Day91 - Linux SLUB Allocator Internals¶
Overview¶
The SLUB allocator is the primary kernel object allocator used by modern Linux systems.
Unlike the Buddy Allocator, which manages physical memory pages, SLUB manages fixed-size kernel objects. It divides one or more pages into many equal-sized objects, allowing efficient allocation and reuse of frequently used kernel data structures.
In this lab, a simplified Linux-style SLUB allocator is implemented on top of the Buddy Allocator developed in Day90.
Learning Objectives¶
After completing this lab, you will understand:
- Why the Buddy Allocator alone is insufficient for small object allocation
- How SLUB manages fixed-size kernel objects
- The relationship between
kmem_cache,slab, and objects - Bitmap-based object allocation and reuse
- How SLUB integrates with the Buddy Allocator
- The allocation path from
kmalloc()to physical pages
Lab Architecture¶
kmem_cache
│
▼
+-----------------+
| struct slab |
+-----------------+
│ page descriptor │
│ bitmap │
│ object memory │
+-----------------+
│
alloc_pages(0)
│
▼
Buddy Allocator
Lab1 - SLUB Cache Initialization¶
Objective¶
Implement the basic SLUB data structures and initialize a cache.
Implemented Components¶
struct kmem_cachestruct slab- Bitmap initialization
- Slab creation
- Cache dump helper
Verification¶
- Cache creation
- Slab creation
- Object count calculation
- Bitmap initialization
Lab2 - Allocation Policy¶
Objective¶
Implement fixed-size object allocation and verify SLUB allocation behavior.
Implemented Components¶
- Object allocation
- Existing slab reuse
- Automatic slab creation
- Multiple cache support
Verification¶
- Existing slab reuse
- Slab expansion after becoming full
- Independent slab lists for different caches
Lab3 - Object Free and Reuse¶
Objective¶
Implement object free and verify object reuse.
Implemented Components¶
kmem_cache_free()- Bitmap update
- Free object reuse
Verification¶
- Freed object becomes available again
- Lowest-index free object is reused
- Bitmap consistency
Lab4 - Buddy Allocator Integration¶
Objective¶
Replace heap-backed slab memory with Buddy-managed pages.
Implemented Components¶
alloc_pages()page_address()free_pages()- Page-backed slab memory
Verification¶
- One page allocated for each slab
- Object memory located inside Buddy-managed pages
- Page released after cache destruction
- Buddy merge restored the original free block
Key Takeaways¶
- Buddy Allocator manages physical memory pages.

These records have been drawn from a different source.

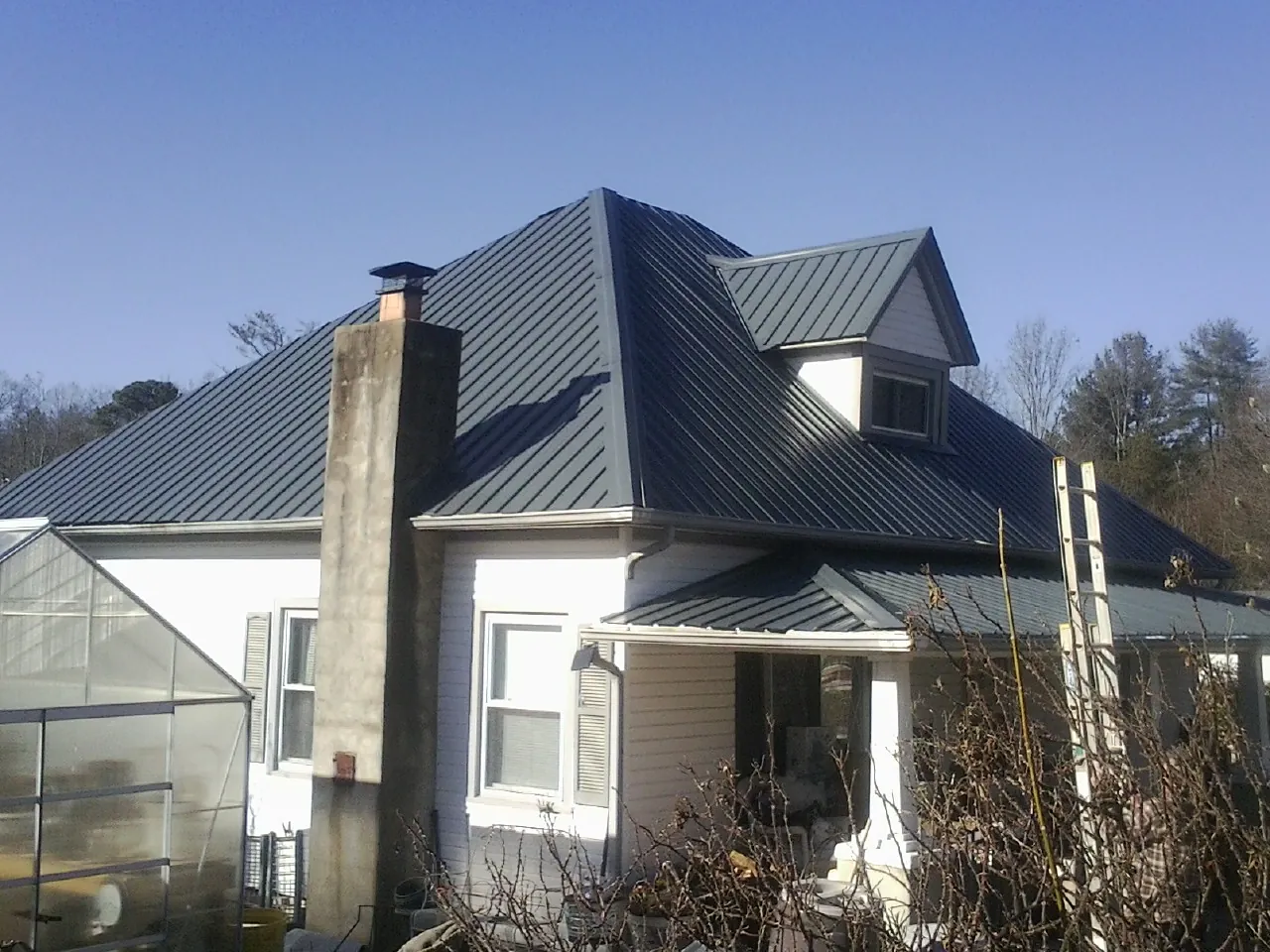 Dark blue standing seam metal roof on a white farmhouse with dormer — Slate & Tile Roof Repair by Roofing Brothers in Newfield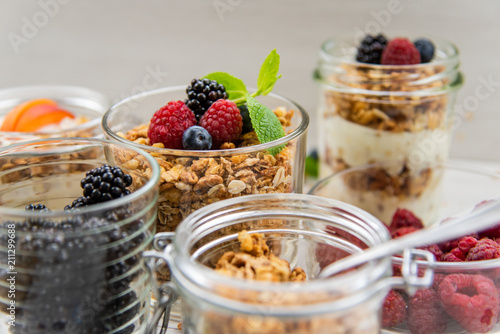 Jars full with granola, yogurt and fresh berries, close-up, selective focus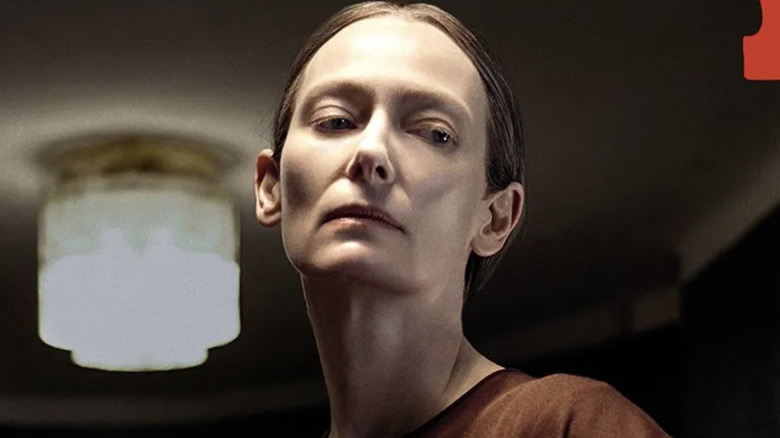 Tilda Swinton as Madame Blanc looking sinister in Suspiria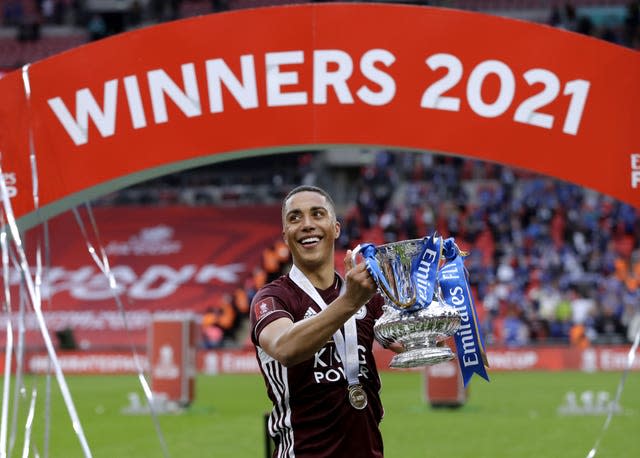 Youri Tielemans celebrates with the trophy 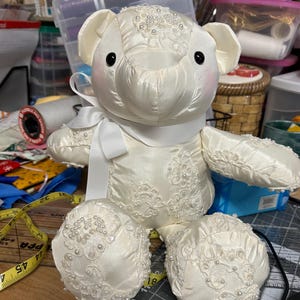 Può includere: Un orsacchiotto color crema in raso, decorato con pizzo e perle. Ha un nastro bianco e guance rosee. Le zampe e il corpo dell'orso sono impreziositi da pizzo, creando un design delicato. Un oggetto decorativo affascinante.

- SLUB manages fixed-size kernel objects.
- One slab typically occupies one or more pages.
- A slab divides page memory into equal-sized objects.
- Bitmap tracks object allocation status.
- Objects are reused after being freed.
- SLUB obtains backing pages from the Buddy Allocator through
alloc_pages(). page_address()converts a page descriptor into usable object memory.kmalloc()is built on top of the SLUB allocator.